Dataset items:
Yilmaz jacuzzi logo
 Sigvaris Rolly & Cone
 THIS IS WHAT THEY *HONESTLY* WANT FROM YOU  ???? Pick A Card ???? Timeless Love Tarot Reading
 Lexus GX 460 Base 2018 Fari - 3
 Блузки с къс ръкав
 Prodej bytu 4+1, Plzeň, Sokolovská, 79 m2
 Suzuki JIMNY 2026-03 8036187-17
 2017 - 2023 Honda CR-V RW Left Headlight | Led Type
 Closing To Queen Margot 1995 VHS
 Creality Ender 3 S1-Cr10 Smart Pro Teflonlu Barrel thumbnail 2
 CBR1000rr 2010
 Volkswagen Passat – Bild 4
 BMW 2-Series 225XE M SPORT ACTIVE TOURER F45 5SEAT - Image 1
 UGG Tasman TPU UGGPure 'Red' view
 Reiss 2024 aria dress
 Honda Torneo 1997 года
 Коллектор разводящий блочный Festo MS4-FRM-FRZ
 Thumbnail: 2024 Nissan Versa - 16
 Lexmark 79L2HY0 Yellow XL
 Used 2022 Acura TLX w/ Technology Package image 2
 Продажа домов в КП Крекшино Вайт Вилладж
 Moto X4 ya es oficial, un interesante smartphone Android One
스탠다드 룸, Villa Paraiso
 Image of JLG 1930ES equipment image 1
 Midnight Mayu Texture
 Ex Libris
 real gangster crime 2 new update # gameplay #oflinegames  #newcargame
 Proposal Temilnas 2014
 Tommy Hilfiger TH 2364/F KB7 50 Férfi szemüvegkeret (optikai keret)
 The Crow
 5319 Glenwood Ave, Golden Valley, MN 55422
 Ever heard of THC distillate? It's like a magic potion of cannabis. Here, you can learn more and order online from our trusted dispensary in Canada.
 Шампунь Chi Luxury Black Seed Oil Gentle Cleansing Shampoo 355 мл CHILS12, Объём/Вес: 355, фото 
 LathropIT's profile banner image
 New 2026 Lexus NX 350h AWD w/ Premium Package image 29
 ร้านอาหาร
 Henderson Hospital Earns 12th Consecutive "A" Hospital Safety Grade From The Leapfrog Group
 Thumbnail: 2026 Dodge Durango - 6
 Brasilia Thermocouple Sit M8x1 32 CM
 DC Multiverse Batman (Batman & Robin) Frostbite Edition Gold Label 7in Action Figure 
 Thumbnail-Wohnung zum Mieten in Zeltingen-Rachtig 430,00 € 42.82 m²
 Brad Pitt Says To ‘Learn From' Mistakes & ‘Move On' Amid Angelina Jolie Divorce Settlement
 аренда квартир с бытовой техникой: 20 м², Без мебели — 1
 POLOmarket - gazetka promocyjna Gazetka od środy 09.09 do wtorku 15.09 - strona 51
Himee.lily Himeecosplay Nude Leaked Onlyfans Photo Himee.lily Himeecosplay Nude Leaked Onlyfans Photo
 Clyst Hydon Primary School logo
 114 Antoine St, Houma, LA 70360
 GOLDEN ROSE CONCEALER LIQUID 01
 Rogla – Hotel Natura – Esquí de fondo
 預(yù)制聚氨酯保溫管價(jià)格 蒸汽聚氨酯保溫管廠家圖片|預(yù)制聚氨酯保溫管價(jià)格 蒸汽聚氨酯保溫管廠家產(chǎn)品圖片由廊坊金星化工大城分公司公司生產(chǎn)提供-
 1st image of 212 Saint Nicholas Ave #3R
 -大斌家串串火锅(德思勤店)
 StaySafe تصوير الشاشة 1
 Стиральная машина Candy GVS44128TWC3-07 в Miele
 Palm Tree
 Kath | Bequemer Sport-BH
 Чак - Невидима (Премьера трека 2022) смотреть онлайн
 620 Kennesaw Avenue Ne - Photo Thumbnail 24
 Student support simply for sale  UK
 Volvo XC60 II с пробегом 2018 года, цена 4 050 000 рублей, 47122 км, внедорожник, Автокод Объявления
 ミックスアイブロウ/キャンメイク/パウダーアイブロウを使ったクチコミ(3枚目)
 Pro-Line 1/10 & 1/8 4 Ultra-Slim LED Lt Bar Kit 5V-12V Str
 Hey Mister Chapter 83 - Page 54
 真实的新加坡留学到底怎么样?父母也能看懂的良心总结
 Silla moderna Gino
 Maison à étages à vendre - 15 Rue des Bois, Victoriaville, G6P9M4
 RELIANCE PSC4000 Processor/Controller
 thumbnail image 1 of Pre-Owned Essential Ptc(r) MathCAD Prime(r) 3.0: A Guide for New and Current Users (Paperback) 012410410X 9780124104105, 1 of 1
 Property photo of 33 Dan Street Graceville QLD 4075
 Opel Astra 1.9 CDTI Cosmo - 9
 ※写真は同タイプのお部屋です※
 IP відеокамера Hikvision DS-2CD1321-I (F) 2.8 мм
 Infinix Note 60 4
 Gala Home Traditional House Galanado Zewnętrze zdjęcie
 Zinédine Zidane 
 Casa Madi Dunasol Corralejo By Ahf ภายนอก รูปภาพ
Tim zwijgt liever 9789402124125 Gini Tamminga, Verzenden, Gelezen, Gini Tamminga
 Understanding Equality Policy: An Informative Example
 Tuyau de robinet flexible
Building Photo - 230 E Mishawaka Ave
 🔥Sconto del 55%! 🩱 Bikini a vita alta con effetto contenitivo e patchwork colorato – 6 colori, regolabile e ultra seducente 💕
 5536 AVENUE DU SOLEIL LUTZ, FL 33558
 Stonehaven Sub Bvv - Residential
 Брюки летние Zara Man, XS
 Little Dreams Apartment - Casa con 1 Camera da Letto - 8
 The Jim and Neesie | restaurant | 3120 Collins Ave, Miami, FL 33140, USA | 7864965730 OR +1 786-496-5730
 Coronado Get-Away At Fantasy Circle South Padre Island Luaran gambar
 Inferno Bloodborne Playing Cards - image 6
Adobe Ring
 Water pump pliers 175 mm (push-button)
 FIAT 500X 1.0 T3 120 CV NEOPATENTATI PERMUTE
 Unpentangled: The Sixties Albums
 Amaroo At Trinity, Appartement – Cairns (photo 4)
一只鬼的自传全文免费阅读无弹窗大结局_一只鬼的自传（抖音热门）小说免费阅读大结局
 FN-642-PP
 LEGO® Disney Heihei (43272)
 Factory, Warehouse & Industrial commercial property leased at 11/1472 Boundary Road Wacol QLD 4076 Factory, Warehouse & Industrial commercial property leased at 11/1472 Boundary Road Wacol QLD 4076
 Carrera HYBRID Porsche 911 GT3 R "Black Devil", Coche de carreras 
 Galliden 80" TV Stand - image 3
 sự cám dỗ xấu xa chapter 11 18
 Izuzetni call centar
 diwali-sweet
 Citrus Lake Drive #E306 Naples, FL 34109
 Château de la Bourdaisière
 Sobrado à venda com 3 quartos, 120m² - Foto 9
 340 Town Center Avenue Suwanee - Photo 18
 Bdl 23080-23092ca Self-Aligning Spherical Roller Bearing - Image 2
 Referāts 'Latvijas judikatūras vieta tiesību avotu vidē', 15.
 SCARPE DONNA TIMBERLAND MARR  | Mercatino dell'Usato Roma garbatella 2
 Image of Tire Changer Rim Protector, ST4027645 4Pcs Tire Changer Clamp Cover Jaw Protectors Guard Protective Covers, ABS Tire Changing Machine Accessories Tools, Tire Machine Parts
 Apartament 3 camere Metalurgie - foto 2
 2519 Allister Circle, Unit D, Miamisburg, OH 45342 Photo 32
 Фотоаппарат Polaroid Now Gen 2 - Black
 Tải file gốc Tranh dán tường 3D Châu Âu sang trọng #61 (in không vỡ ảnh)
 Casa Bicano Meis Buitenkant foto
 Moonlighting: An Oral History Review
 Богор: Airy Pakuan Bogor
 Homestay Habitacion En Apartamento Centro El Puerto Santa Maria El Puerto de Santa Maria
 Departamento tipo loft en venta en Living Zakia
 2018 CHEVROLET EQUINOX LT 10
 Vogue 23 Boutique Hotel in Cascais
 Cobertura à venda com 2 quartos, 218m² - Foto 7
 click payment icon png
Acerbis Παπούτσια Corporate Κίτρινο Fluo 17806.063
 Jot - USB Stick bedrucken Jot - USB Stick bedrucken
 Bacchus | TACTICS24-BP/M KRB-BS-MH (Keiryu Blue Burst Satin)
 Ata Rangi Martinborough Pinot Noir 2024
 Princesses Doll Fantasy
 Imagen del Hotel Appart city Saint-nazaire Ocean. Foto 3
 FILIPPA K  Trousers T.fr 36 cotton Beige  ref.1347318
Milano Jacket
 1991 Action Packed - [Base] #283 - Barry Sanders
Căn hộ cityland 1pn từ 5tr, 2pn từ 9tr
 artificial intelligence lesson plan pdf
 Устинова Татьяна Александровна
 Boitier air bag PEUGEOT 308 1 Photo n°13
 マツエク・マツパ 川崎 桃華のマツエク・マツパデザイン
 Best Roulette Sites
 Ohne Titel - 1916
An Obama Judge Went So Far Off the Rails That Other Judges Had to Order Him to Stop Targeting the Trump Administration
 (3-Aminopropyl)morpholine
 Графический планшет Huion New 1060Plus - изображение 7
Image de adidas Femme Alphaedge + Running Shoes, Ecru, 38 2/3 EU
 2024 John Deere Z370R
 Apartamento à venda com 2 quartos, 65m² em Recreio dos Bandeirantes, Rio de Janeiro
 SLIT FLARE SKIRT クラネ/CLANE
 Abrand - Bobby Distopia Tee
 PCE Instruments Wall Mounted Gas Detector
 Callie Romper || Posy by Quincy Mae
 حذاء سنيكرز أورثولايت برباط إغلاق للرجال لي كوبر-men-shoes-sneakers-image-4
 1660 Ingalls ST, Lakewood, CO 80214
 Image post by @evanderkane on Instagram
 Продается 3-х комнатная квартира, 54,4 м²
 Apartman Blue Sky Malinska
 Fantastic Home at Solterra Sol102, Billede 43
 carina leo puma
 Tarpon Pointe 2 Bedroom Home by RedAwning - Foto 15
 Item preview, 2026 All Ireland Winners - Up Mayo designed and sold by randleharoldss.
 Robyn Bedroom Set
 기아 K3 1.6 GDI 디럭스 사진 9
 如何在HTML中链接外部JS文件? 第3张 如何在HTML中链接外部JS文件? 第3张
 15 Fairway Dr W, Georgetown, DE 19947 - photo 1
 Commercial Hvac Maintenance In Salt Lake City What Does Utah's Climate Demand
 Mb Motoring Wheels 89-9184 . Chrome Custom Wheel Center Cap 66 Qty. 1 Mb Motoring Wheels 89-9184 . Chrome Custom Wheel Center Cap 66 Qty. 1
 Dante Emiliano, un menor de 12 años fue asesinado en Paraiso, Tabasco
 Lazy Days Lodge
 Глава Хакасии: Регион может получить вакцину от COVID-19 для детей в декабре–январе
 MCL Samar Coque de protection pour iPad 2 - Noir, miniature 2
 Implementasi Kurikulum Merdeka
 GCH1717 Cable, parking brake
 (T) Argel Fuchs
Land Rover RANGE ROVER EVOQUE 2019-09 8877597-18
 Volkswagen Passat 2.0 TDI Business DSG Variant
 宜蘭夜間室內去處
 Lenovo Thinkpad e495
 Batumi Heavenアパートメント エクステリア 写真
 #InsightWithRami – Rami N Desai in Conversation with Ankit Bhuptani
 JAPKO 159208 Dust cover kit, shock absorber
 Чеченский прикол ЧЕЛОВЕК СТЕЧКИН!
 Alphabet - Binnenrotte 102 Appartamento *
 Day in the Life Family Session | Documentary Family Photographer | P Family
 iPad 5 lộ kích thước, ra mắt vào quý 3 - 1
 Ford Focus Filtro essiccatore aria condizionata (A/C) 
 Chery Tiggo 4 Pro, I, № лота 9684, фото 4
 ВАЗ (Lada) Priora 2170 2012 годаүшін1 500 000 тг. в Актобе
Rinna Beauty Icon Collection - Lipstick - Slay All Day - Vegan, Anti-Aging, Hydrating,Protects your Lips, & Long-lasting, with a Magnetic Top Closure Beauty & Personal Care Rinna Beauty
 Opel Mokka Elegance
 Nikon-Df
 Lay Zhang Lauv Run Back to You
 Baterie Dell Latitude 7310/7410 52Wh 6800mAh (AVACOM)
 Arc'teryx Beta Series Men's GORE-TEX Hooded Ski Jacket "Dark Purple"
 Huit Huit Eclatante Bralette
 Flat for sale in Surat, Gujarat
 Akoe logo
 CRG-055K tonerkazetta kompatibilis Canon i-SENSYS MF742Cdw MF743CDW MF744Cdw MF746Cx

TASK BRIEF:
Where a line of the data contains "Hotel", copy that line.

YOUR RESPONSE:
 Rogla – Hotel Natura – Esquí de fondo
 Vogue 23 Boutique Hotel in Cascais
 Imagen del Hotel Appart city Saint-nazaire Ocean. Foto 3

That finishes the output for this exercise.